» Required work
In the listing below, the lines starting with the line with "Ombré colour natural gemstone bead bracelet" and going on through the line with "Close-up portrait of" are to be reproduced exactly, and only those.

---------- Stored data

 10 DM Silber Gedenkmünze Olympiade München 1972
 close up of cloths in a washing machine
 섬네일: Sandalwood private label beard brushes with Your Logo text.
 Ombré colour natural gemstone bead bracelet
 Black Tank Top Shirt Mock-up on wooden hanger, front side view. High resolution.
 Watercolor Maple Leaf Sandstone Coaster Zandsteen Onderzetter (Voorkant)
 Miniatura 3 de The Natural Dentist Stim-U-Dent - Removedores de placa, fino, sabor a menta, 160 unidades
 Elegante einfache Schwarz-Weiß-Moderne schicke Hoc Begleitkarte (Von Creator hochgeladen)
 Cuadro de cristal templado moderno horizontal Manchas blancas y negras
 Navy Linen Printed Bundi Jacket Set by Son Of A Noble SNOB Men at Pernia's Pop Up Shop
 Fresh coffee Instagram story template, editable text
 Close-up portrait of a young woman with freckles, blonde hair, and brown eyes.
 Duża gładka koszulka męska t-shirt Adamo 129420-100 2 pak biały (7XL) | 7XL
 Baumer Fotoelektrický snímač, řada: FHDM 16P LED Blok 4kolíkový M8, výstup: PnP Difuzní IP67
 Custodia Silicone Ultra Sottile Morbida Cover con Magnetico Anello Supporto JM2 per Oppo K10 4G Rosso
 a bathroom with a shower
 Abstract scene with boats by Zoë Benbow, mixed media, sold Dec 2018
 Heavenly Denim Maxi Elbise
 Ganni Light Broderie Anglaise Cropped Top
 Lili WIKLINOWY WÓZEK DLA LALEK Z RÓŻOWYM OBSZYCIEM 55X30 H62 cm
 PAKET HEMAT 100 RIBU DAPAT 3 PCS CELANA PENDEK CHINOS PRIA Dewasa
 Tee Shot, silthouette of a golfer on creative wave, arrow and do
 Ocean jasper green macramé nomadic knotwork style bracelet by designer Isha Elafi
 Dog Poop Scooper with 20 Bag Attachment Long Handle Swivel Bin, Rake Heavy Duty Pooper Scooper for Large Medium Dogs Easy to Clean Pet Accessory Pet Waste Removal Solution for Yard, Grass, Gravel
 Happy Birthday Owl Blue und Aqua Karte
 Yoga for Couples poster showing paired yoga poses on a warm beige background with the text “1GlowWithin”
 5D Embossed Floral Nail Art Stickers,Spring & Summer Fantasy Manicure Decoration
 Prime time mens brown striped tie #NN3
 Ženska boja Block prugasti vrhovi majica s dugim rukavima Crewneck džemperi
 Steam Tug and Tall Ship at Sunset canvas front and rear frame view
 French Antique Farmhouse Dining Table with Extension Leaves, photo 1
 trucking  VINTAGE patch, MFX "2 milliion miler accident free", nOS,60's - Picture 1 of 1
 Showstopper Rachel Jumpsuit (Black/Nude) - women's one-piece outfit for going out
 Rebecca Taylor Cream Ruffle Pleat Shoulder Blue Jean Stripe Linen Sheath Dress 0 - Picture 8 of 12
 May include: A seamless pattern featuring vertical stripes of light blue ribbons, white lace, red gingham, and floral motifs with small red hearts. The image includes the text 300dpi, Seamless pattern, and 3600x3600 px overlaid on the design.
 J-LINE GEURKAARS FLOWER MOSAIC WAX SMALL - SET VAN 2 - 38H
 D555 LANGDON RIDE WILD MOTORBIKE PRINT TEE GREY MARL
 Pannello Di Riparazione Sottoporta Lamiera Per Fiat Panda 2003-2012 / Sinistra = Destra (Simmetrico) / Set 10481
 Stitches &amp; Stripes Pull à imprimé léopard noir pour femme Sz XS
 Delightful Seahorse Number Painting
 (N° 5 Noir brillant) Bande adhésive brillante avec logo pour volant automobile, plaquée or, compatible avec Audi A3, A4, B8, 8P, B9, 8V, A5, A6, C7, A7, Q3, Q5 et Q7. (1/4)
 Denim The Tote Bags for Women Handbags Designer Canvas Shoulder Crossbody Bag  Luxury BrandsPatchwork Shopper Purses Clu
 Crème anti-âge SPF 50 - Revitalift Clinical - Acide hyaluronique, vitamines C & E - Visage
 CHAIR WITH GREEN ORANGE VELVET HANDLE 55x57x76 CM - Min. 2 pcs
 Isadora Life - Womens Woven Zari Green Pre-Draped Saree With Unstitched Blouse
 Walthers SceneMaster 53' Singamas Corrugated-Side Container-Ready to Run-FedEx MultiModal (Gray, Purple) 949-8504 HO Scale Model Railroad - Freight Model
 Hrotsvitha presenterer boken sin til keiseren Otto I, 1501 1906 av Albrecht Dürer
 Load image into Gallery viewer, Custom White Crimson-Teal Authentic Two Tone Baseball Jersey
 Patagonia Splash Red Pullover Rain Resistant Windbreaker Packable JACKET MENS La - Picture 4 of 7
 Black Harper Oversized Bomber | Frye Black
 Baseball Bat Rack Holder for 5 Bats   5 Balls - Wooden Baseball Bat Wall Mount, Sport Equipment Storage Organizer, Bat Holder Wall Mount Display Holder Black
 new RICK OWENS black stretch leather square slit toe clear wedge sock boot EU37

--------------------

» Solution for this task
 Ombré colour natural gemstone bead bracelet
 Black Tank Top Shirt Mock-up on wooden hanger, front side view. High resolution.
 Watercolor Maple Leaf Sandstone Coaster Zandsteen Onderzetter (Voorkant)
 Miniatura 3 de The Natural Dentist Stim-U-Dent - Removedores de placa, fino, sabor a menta, 160 unidades
 Elegante einfache Schwarz-Weiß-Moderne schicke Hoc Begleitkarte (Von Creator hochgeladen)
 Cuadro de cristal templado moderno horizontal Manchas blancas y negras
 Navy Linen Printed Bundi Jacket Set by Son Of A Noble SNOB Men at Pernia's Pop Up Shop
 Fresh coffee Instagram story template, editable text
 Close-up portrait of a young woman with freckles, blonde hair, and brown eyes.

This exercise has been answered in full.